邦画『日本で一番悪い奴ら』2016年公開、綾野剛主演の感想(ネタバレあり)


スポンサーリンク

最近、俳優の綾野剛さんが気になって、普段はあまり観ないジャンルの『日本で一番悪い奴ら』の映画を観ました。

公開したときに、綾野剛がシャブを打つ演技が本物みたい(だったかな?)ということが話題になっていたのも、どんな演技なんだろうと期待しながら。

 監督:白石和彌

キャスト:諸星要一(綾野剛

     YOUNG DAIS、植野行雄中村獅童ピエール瀧青木崇高音尾琢真

 

- あらすじ -

諸星(綾野剛)は柔道の腕前の強さを買われて北海道警察の刑事になる。

そこの先輩の村井(ピエール瀧)に点数を稼ぐには、裏会社にS(スパイ)を作れと教わる。

そこから諸星は暴力団と手を組んで、次々と捜査を解決していくが、裏会社にどっぷりと染まってしまって・・・・・。

 

- 感想 -

綾野剛さん演じる諸星が、きちんとスーツを着用しているときの人の良さそうな真面目な男性に見えるのに対して、だんだんと悪事にそまってチンピラみたいな服装をしているときとの雰囲気の違いが対照的です。

 

公開したときに、あまり真剣にテレビなどの宣伝を見ていなかったので、刑事映画ということも気がついていませんでした。

てっきり極道映画になるんだろうなと、題名とシャブを打つところが見所というようなのを見て思い込んでいた私。

 

綾野剛覚醒剤を打つシーンは、眼がおかしくなってスゴイ熱演でした。

そこからやめられたのか気になっていたけど、やはり覚醒剤中毒になってしまっていて。

 

また、フィクションだと思っていたのだけど、原作は実際に起きた事件で、2002年の「稲葉事件」という実話でした。
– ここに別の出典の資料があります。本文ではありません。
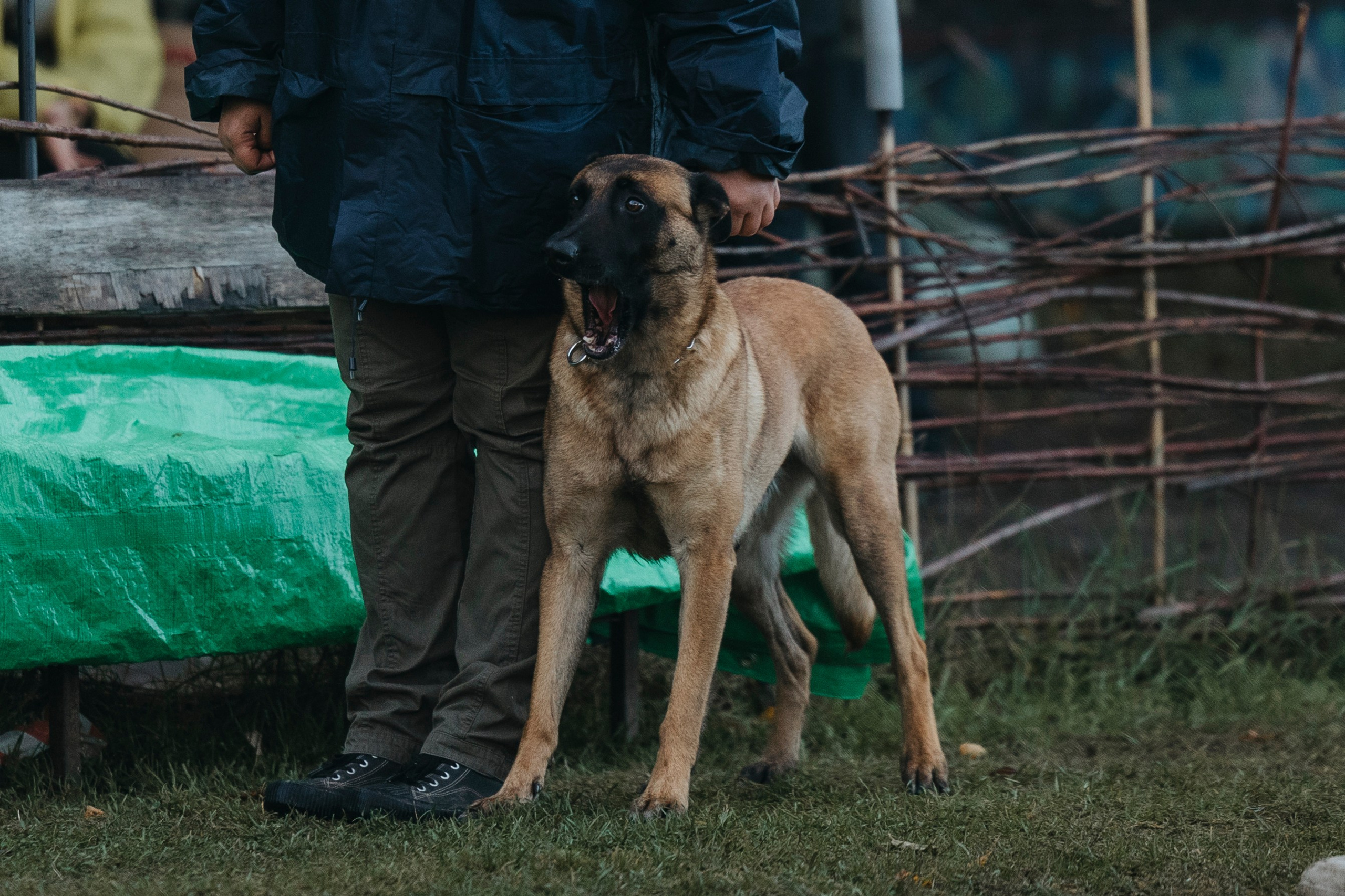 Испытания по мондьорингу г. Пушкин 29.09.2024. Фотограф-анималист Анна Маринич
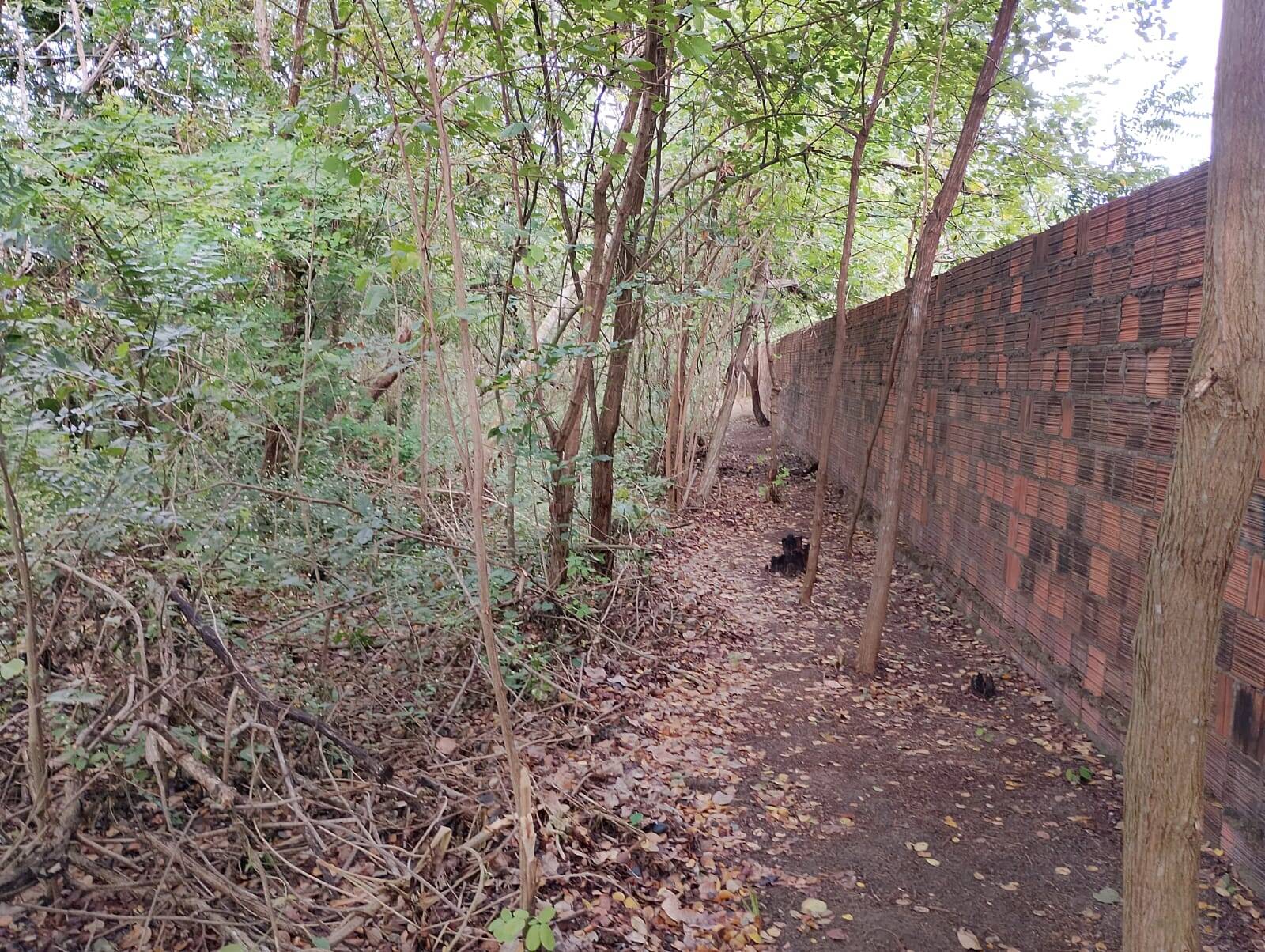 Terreno, 2 hectares - Foto 51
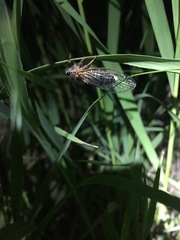 Massospora levispora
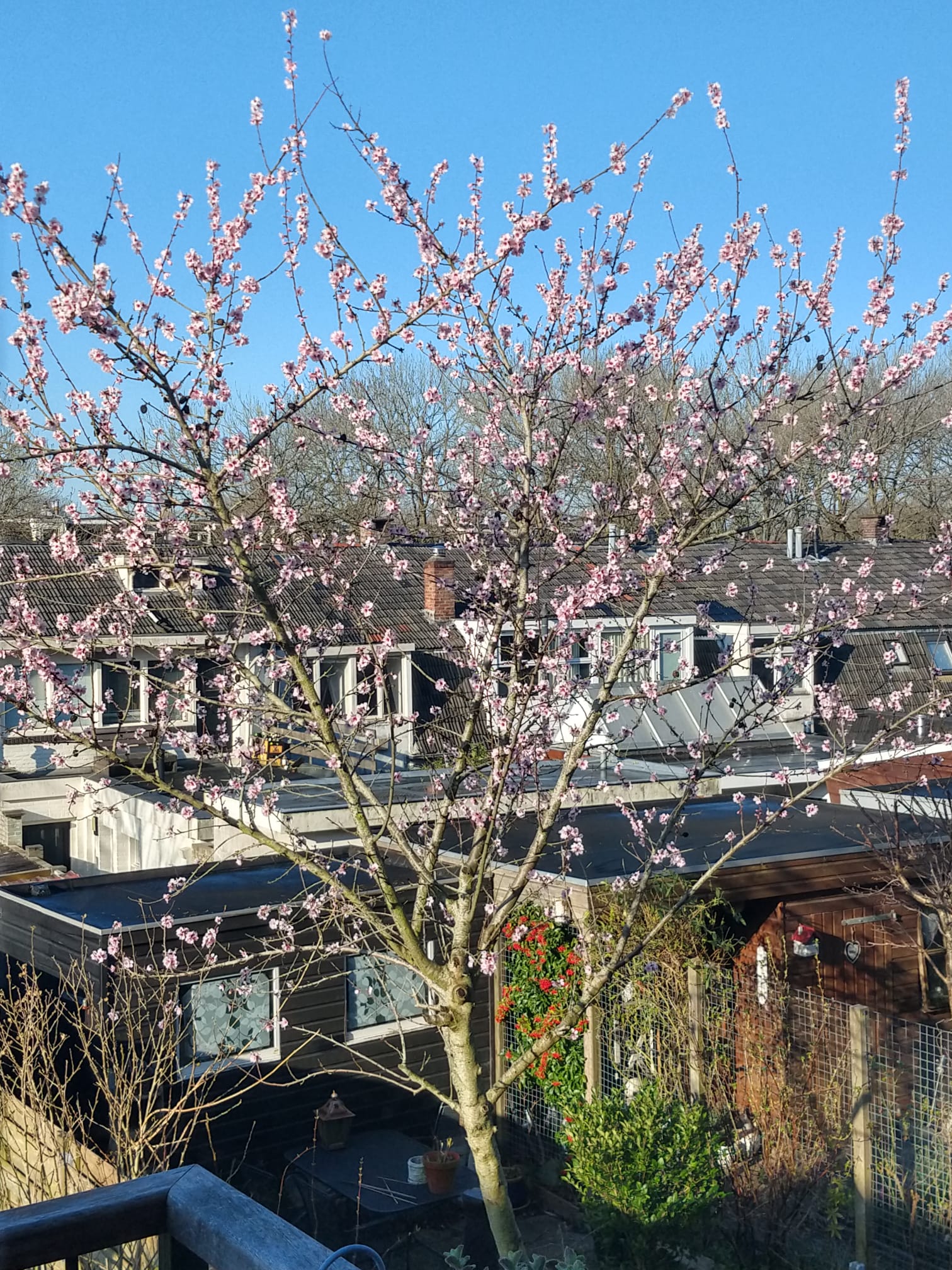 Foto 39 van Van Goghstraat 10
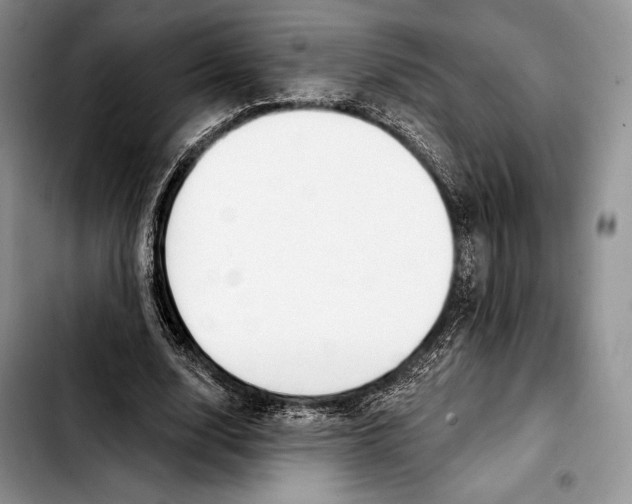 X0000103420632200810101019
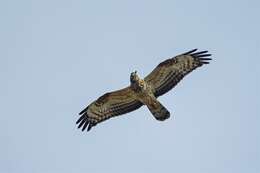 Image of Barred honey buzzard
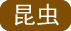 昆虫
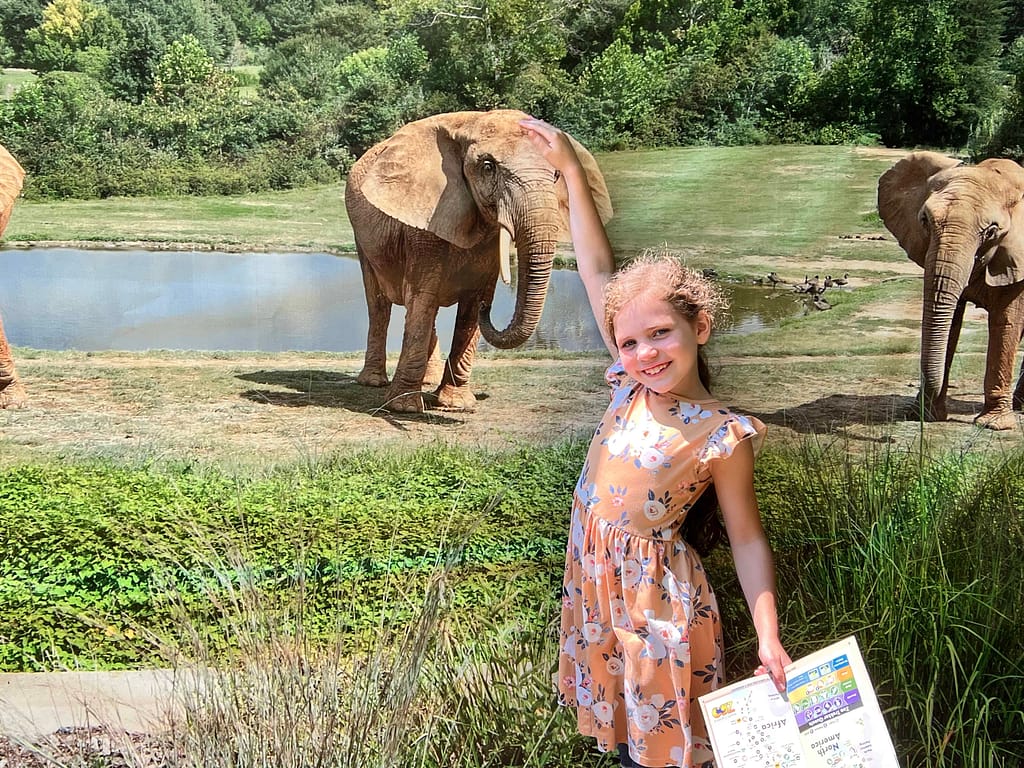 girl pretending to touch an elephant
こういう社会の闇の部分を映画や本で読むと、私が住んでいる現実がいかに平和なのか実感します。

 

 とても深刻な真面目な映画なので、綾野剛のシャブを打つシーンくらいの知識で見ると、思っていた映画とは違うと思います。

最後は、組織と裏社会の怖さや、その汚職事件で捕まった主人公の人生が転落していく悲しさなど、考え込む映画でした。

綾野剛の演技も、とてもよくて最後は人が変わったような顔つきになっています。歳もとって捕まる前は、悲惨な状態だったのだろうなと。

こんな事件があったということも知らなかったので観て良かったけれど、ここまで警察という組織が腐敗していたという事実を知ってしまうと、社会が怖くなる映画でもありました。

 

警察ってなると、国家権力を持った組織であるのだろうけど、そこにノルマがあったり権力には逆らえない立場があったりするのだなと。

原作を書いた著者は、この事件のことを赤裸々に告白して、現在は普通に生活できているのだろうか?ということも、気になります。

 

原作は、稲葉 圭昭が9年間の服役を経て書いた告白の手記『恥さらし 北海道警 悪徳刑事の告白 (講談社文庫)』

 この本のレビューを読むと、日本の警察という組織の真実を知るのに読んでみたい本です。